§ WHAT THIS TASK INVOLVES: Leave every picture out, and print the full listing again exactly.

§ DATA SEGMENT:
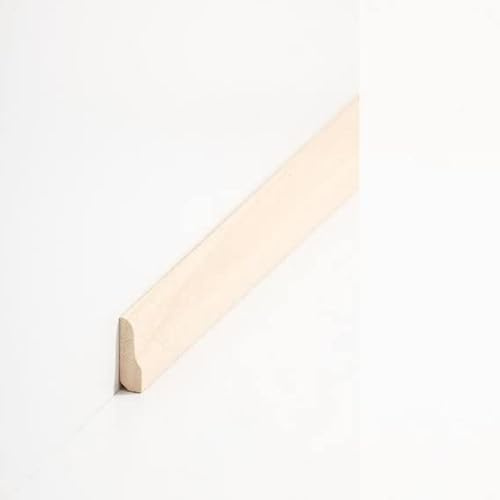 PROVISTON Lot de 5 baguettes de recouvrement en bois massif Abachi, 8 x 26 x 2000 mm, à coller, clips, vis et clous, plinthes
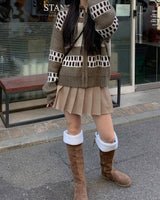 Deer knit zip up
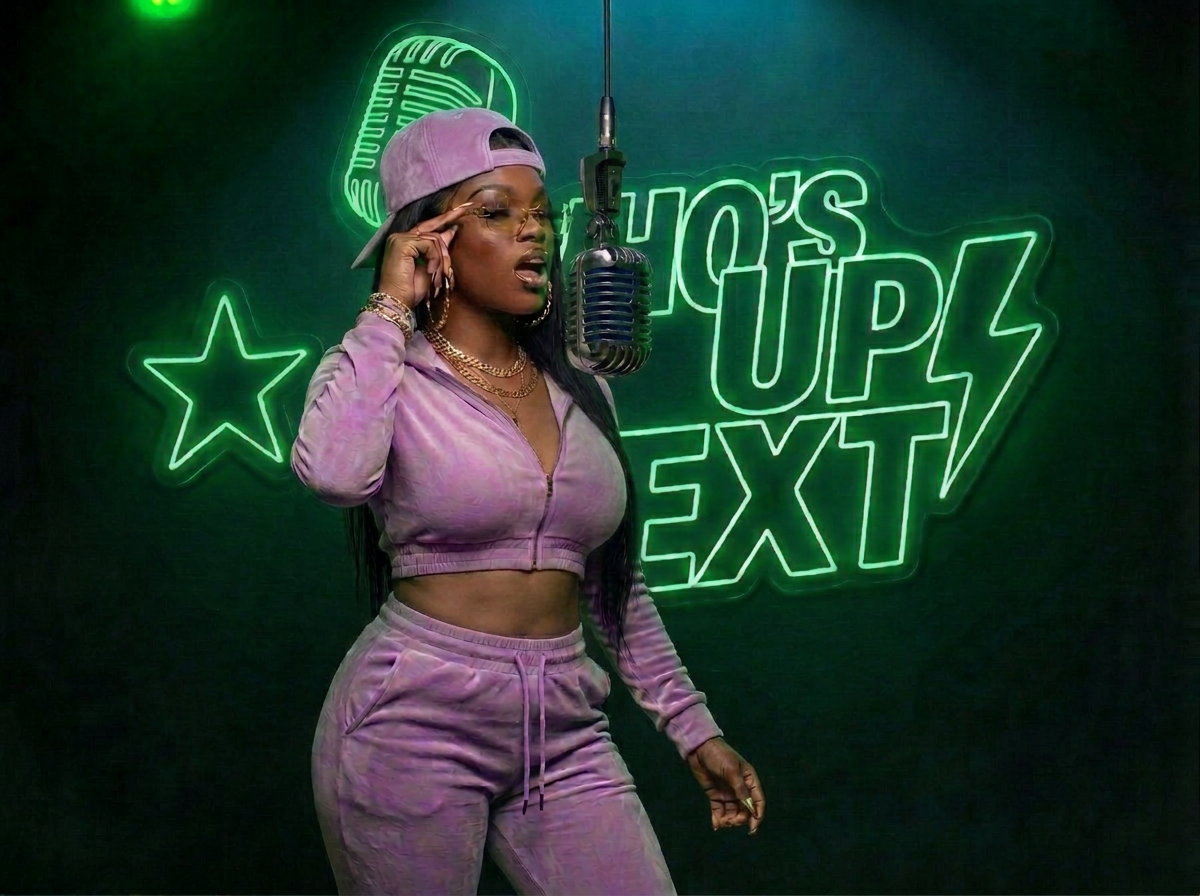 Singer Amari Rose performing in front of the neon Who's Up Next sign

§ ANSWER BOX:
 PROVISTON Lot de 5 baguettes de recouvrement en bois massif Abachi, 8 x 26 x 2000 mm, à coller, clips, vis et clous, plinthes
 Deer knit zip up
 Singer Amari Rose performing in front of the neon Who's Up Next sign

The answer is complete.